Records shown ▸
· · · ·
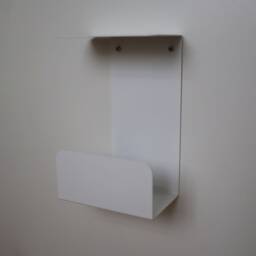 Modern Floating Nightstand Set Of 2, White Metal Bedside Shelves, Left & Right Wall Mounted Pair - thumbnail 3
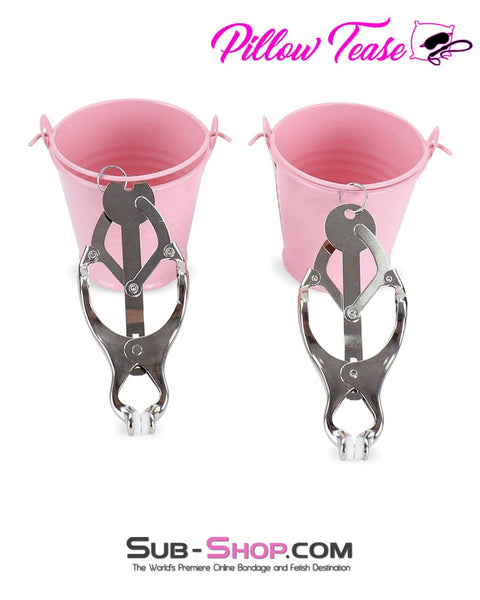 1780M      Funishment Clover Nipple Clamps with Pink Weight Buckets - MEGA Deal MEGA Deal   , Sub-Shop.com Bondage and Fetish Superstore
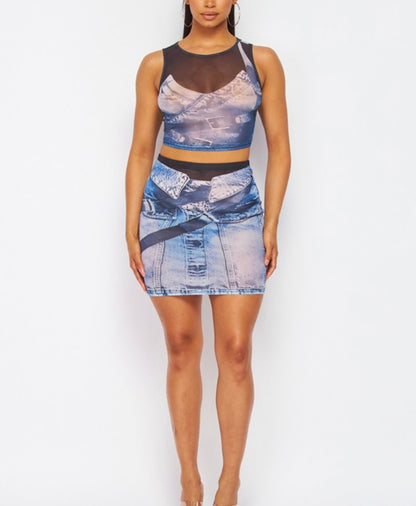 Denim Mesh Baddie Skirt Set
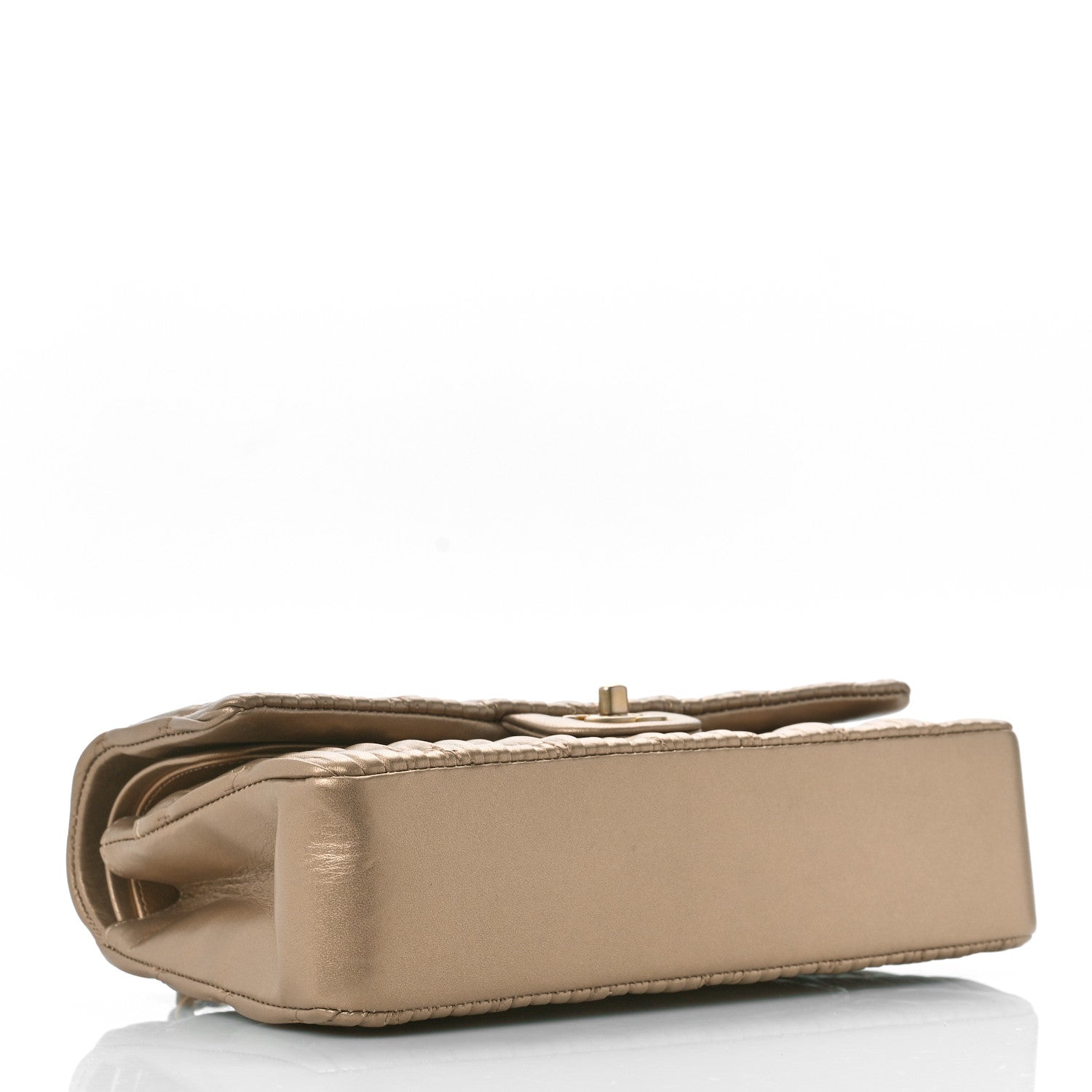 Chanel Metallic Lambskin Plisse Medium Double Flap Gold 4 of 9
· · · ·
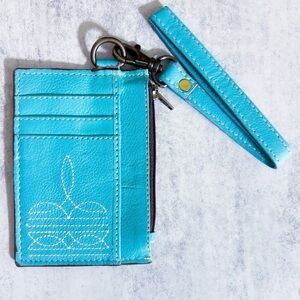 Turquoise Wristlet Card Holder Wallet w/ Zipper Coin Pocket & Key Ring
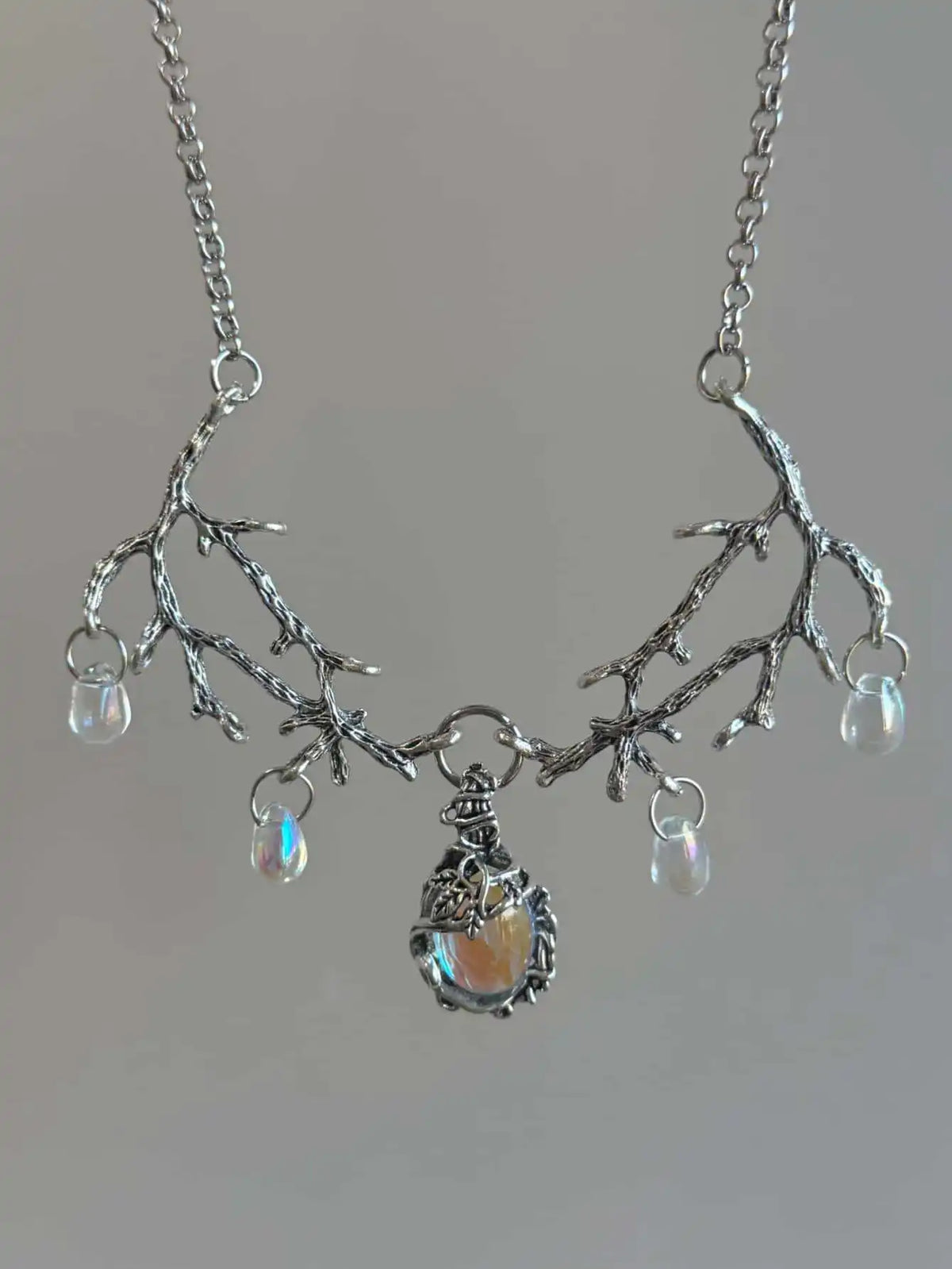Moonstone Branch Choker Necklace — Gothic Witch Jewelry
· · · ·
Which part of the entries opens with the line containing "and Fetish Superstore" and closes with the line containing "Chanel Metallic Lambskin"? Output that part exactly, ends included, pictures excluded.

Solution for this task ▸
 1780M      Funishment Clover Nipple Clamps with Pink Weight Buckets - MEGA Deal MEGA Deal   , Sub-Shop.com Bondage and Fetish Superstore
 Denim Mesh Baddie Skirt Set
 Chanel Metallic Lambskin Plisse Medium Double Flap Gold 4 of 9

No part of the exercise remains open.